March 23, 2002
Tres triste, Saturday was our last day in Paris. We bought some fresh fruit from an outdoor weekend market for breakfast and surveyed our neighborhood one last time. Naturally, we could not leave the city without a jaunt through the Louvre Museum. Taking the advice offered by Lonely Planet, we had purchased our tickets to the Louvre from Fnac at Place de la Bastille the night before so by the time we reached the museum, we could skate right in. Upon entering the complex, the first sights that greeted us were the Mini-Me version of the Arc de Triomphe and the famous Pyramide du Louvre. The controversial pyramid designed by I. M. Pei is nearly dwarfed by the Renaissance era Sully, Denon, and Richelieu Wings that embrace the courtyard. But once inside the museum, all eyes are drawn heavenward to the towering window panes; the patrons tilt their heads back and gawk open-mouthed at the bright light and blazing glass overhead, like awed children mesmerized by shiny, glittery objects. Or maybe it was just me.

We spent about half of the day trekking from wing to wing, century to century. Venus de Milo, check. Winged Victory of Samothrace, check.
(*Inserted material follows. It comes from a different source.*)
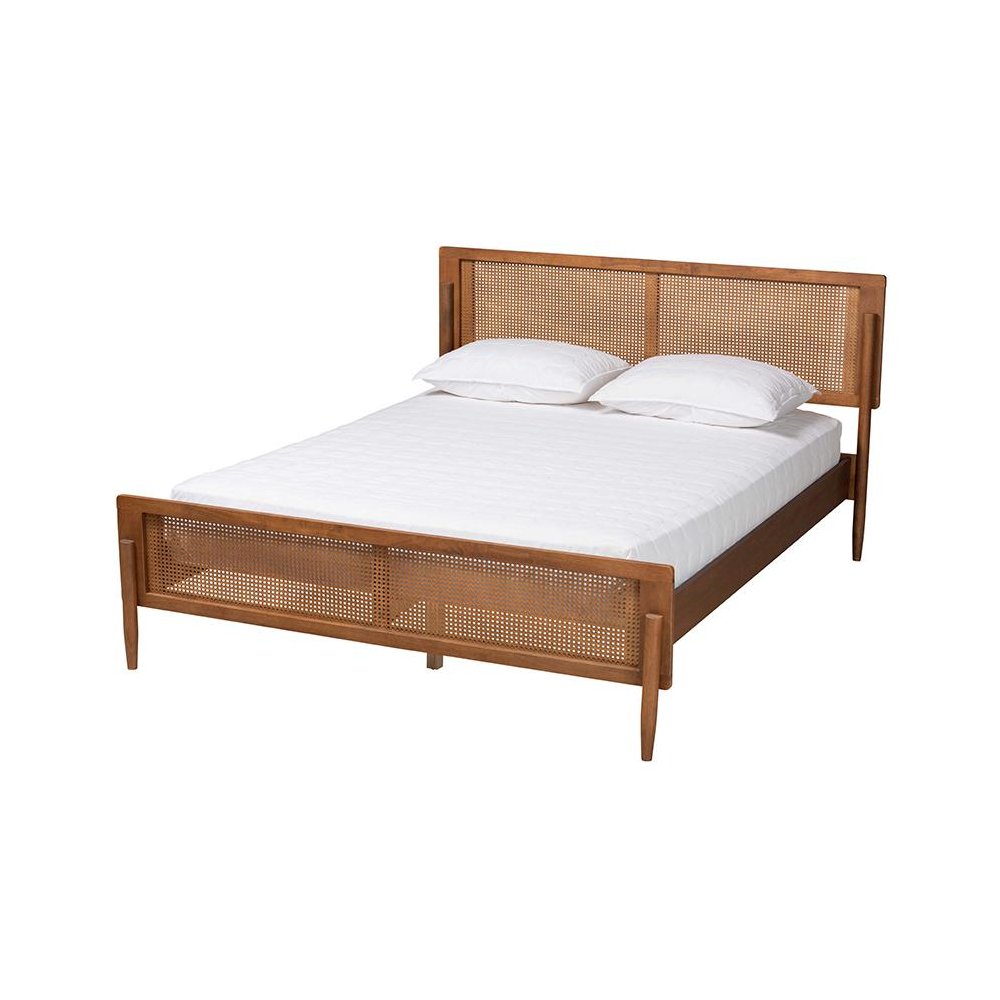 Gardwin Mid-Century Modern Ash Walnut Finished Wood Queen Size Platform Bed. Picture 1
Da Vinci's Mona Lisa (who, in true prima donna form, had her very own room, was encased in bulletproof glass, and, at 77 centimeters high, was much smaller in real life than one would imagine), check. Tourists, myself included, flocked to these famous works of art and clustered around them like buzzing bees dancing around their queen. Or, in this case, three queens. Not surprisingly, the Islamic Art section was not teeming with visitors, so we were able to absorb and appreciate the art at a leisurely pace.

The Egyptian antiquities section was pretty extensive but a far cry from the selection in the insanely crowded museum in Cairo where you are overwhelmed by the sheer number of items. There, you feel almost as though you are just dodging the seemingly carelessly tossed together exhibits and rummaging around the jam-packed collection in someone's dusty, musty, unventilated attic. Here, the exhibits are well-tended to, prettily displayed, and nicely spaced out in an orderly manner. Plus, you can breathe. Bravo, Le Louvre!

Starved, we had lunch at the closest brasserie we could find and indulged in our favorite dish: fromage et pain. We hit up the nearby Monoprix to load up on last-minute goodies and spent the rest of the afternoon and evening walking along the Seine River, dining at Diep again, and cramming all of our belongings into our straining, groaning luggage. So there you have it, folks: my and Lil Baji's trip to France.